Task prompt. In the listing below, start your output at the line with "Poster Doberman Christmas" and end it after the line with "Arbor Mate-Sunflowers and", copying every line exactly.

Source material.
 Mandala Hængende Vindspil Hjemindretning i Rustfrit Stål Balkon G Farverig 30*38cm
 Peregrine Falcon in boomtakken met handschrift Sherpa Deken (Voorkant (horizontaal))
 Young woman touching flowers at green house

...

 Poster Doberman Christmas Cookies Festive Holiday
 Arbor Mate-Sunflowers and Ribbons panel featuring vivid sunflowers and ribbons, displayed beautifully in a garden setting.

==

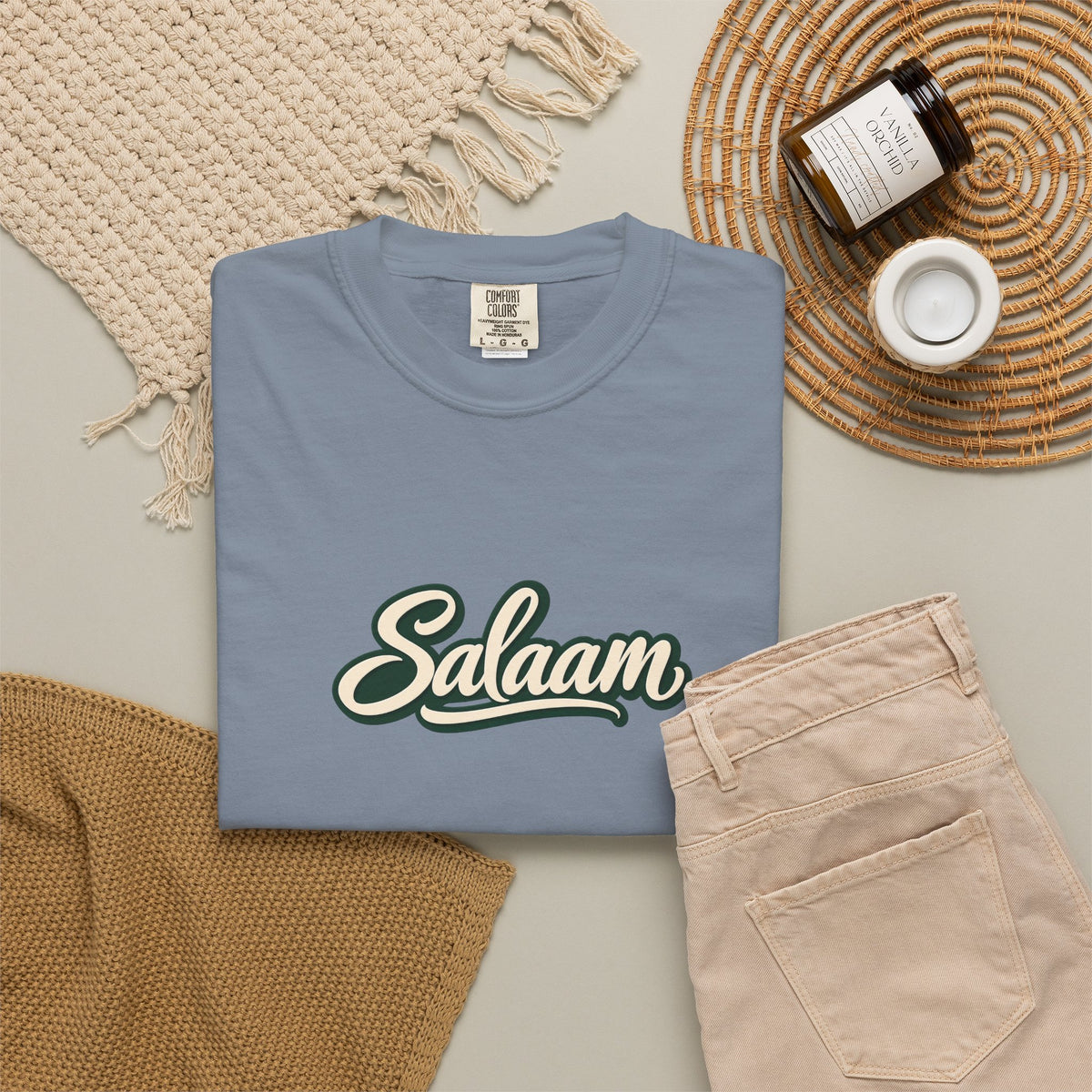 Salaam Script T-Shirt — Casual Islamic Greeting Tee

Task result.
 Poster Doberman Christmas Cookies Festive Holiday
 Arbor Mate-Sunflowers and Ribbons panel featuring vivid sunflowers and ribbons, displayed beautifully in a garden setting.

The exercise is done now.